Ces événements importants du mois de septembre permettent donc de faire le point sur les trois réalités régionales coexistantes : Kiev, la Crimée et les régions auto-proclamées indépendantes. Les panélistes du forum YES ont probablement raison quant au futur géostationnaire du contexte. A l'Ouest, Kiev avance à petits pas sur le chemin des réformes, en se rapprochant de l'UE. Au Sud, la Crimée poursuit son histoire en Russie, entérinant, par là même, son statut de région rattachée/annexée. Et enfin, le Sud-Est de l'Ukraine vivote dans une paix relative tant que son statut ne sera pas déterminé.

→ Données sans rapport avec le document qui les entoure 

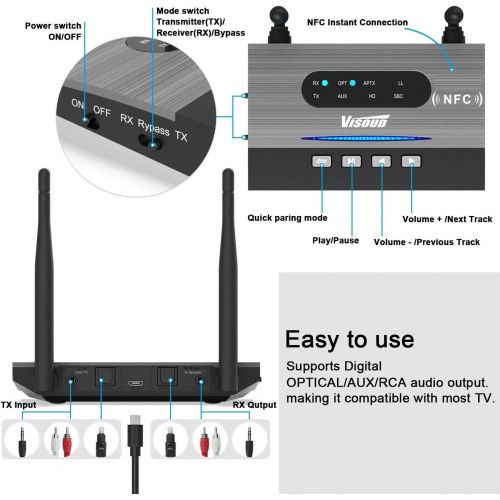  [아마존베스트]Visoud Long Range Bluetooth 5.0 Transmitter and Receiver aptX HD, aptX Low Latency & Dual Link Supported Wireless Audio Adapter Transmitter for TV Home Stereo PC by Optical RCA AUX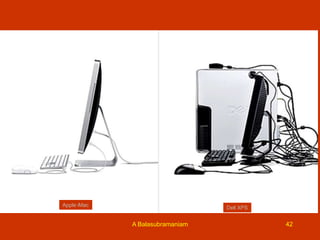 Apple iMac

Dell XPS

A Balasubramaniam

42

 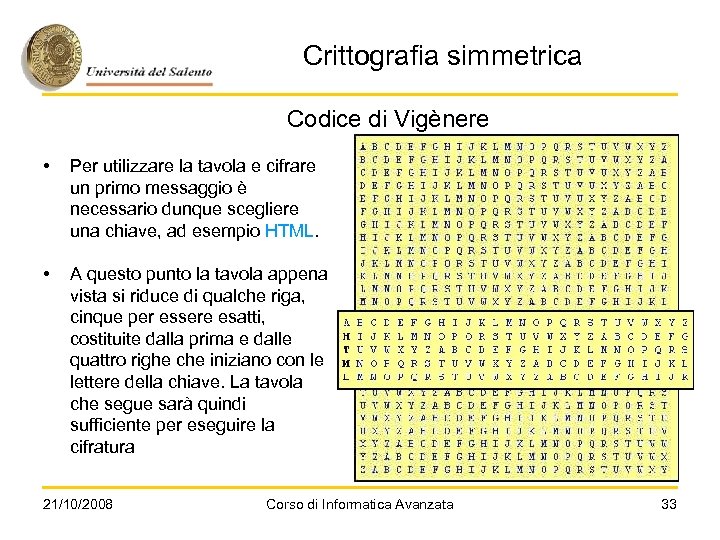 Crittografia simmetrica Codice di Vigènere • Per utilizzare la tavola e cifrare un primo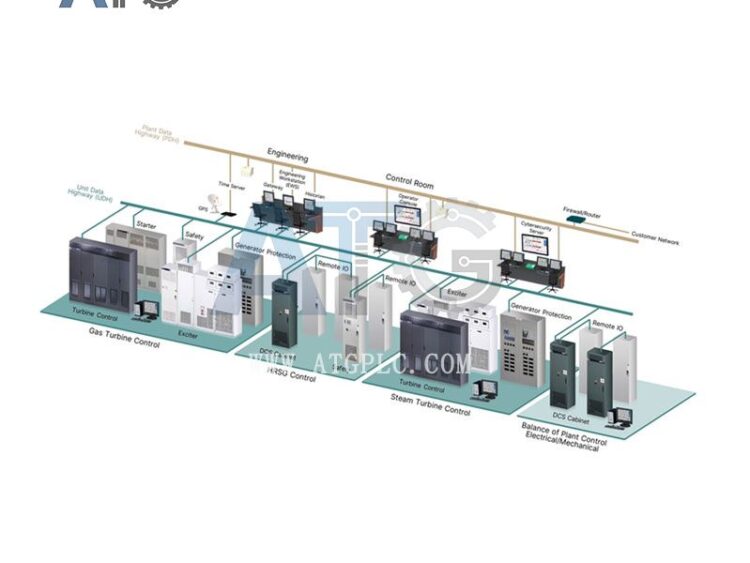 Mark VleS Safety Instrument Control System – GE Vernova Mark VleS Safety Instrument Control System - GE Vernova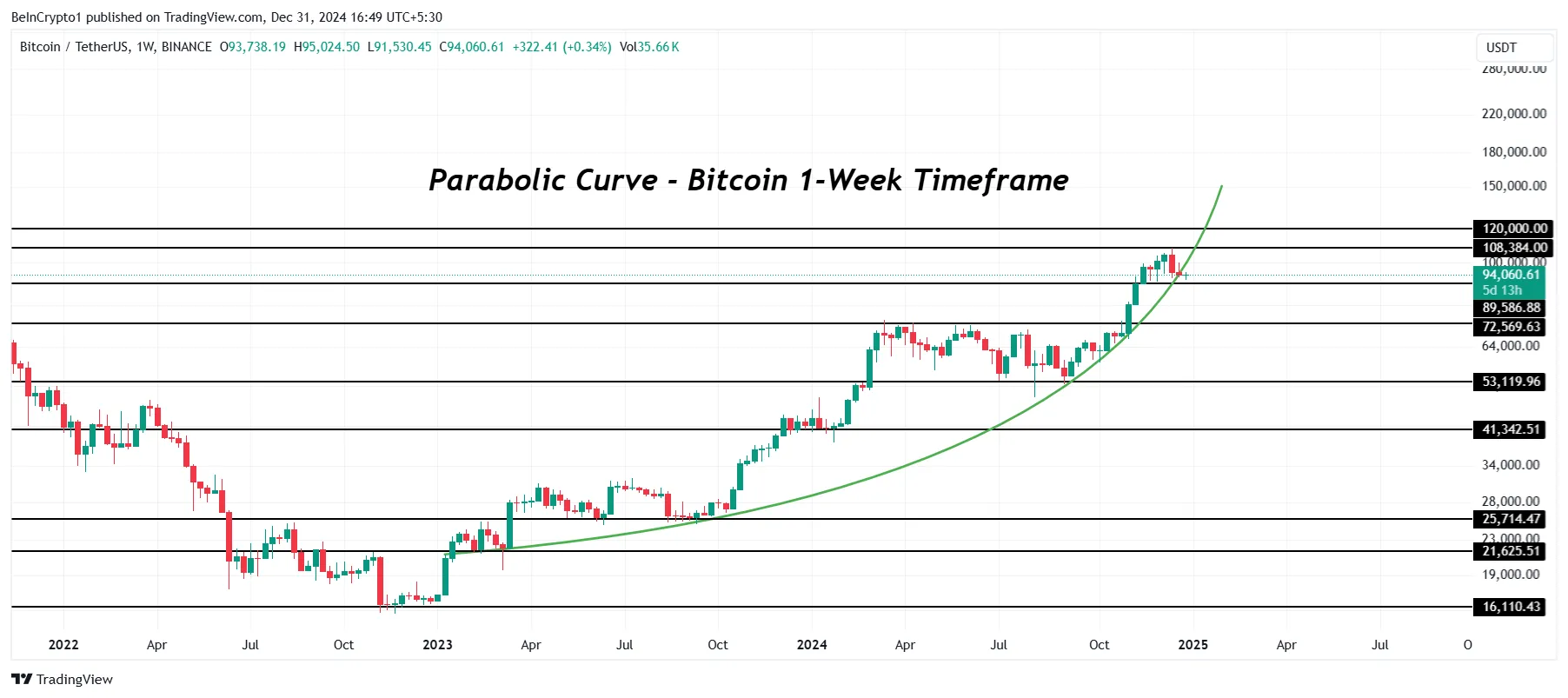 Bitcoin Price Analysis. 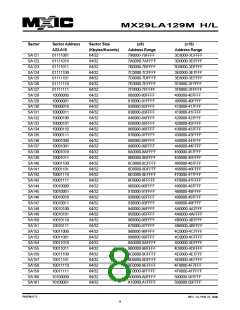 浏览型号MX29VL033MTMI-70G的Datasheet PDF文件第8页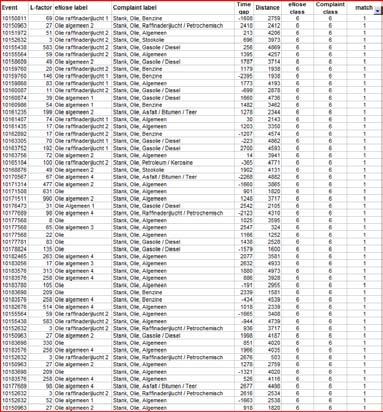 Selectie van alle positieve relevante enose waarnemingen gedurende 2 jaar behorende tot olieclassificatie geeft 142 resultaten.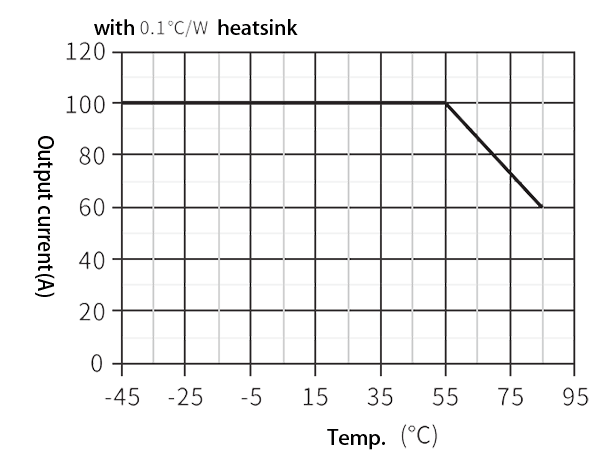 TZ380AC 100 Load characteristics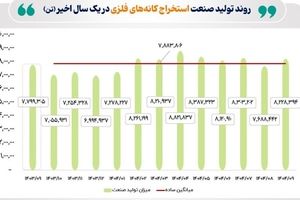 وضعیت تولید صنعت فلزات اساسی و کانه‌های فلزی در آذر 1404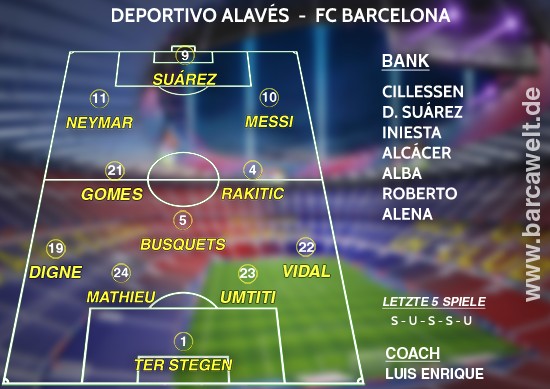 Deportivo Alavés FC Barcelona 11.02.2017 Aufstellung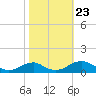 Clifton Beach tide chart for Thursday, October 23, 2025
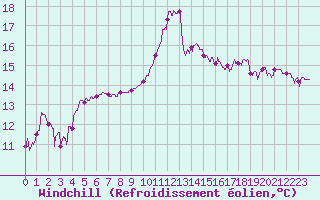 Courbe du refroidissement olien pour Ploudalmezeau (29)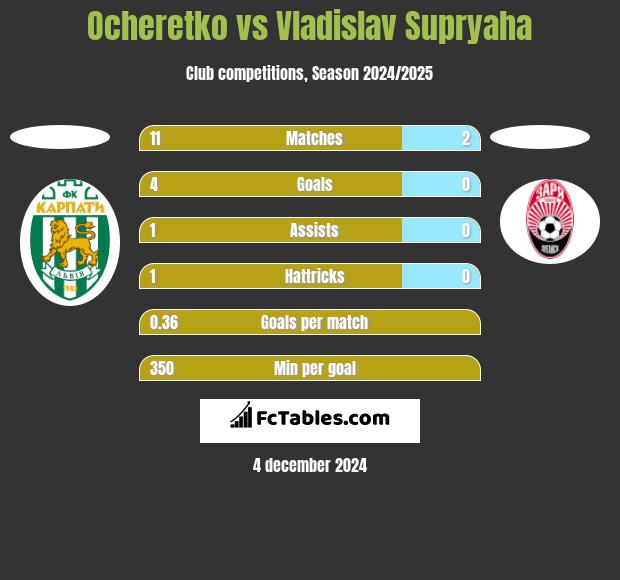 Ocheretko vs Vladislav Supryaha h2h player stats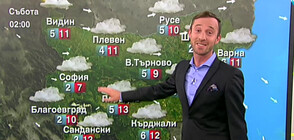 Прогноза за времето (19.11.2021 - сутрешна)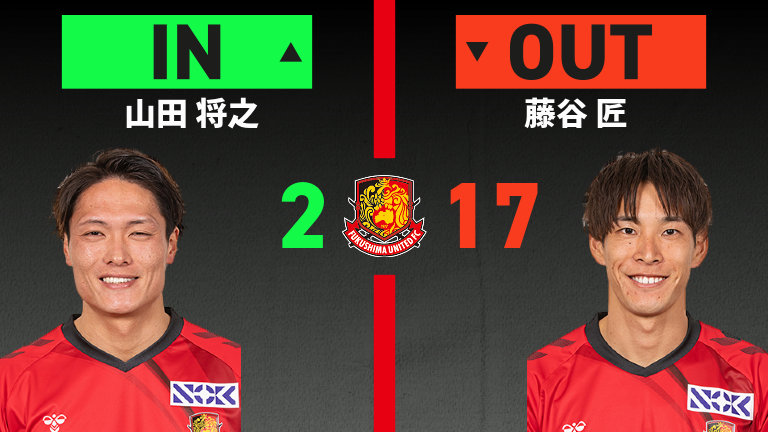 substitution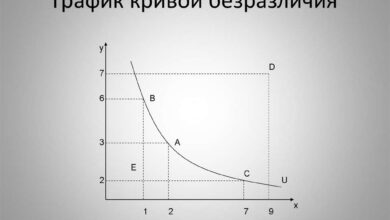 Photo of Анализ потребительского поведения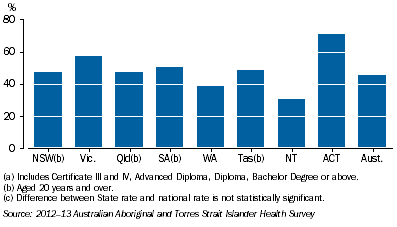 Graph: Year 12 or Certificate III or Above by State/Territory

Si l'on peut faire un vœu, c'est qu'une véritable approche globale réconcilie ces trois réalités. Le récent accord de désengagement sous les auspices de l'OSCE ravive cet espoir. Mais ce vœu ne se réalisera que si la situation en Syrie n'amène pas de rupture de relations diplomatiques entre l'Occident et la Russie, ce dont l'Ukraine serait à nouveau victime.